WORK TO COMPLETE:
Write out exactly the lines of the entries below from the one holding "Lagercontainer auf LKW.jpg" to the one holding "Philadelphia Apartment: 2433 Frankford Ave", inclusive, and leave out all other lines.

GIVEN RECORDS:
-- Opening Marker --
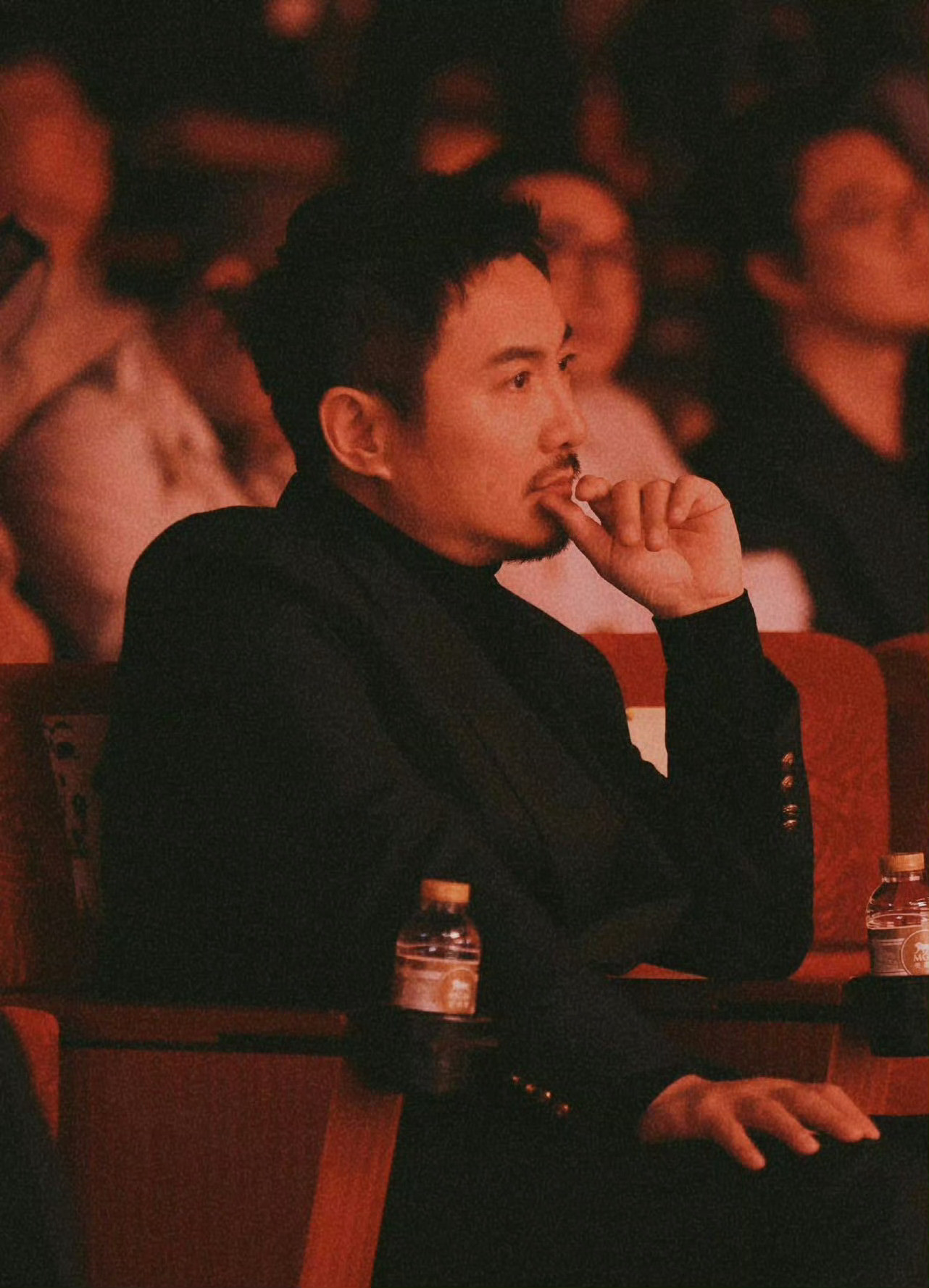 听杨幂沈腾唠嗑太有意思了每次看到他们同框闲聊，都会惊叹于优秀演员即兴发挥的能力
-- Closing Marker --
-- Opening Marker --
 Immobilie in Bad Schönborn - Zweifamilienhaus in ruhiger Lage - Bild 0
-- Closing Marker --
-- Opening Marker --
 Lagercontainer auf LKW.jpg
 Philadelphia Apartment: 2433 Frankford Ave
-- Closing Marker --
ANSWER BOX:
 Lagercontainer auf LKW.jpg
 Philadelphia Apartment: 2433 Frankford Ave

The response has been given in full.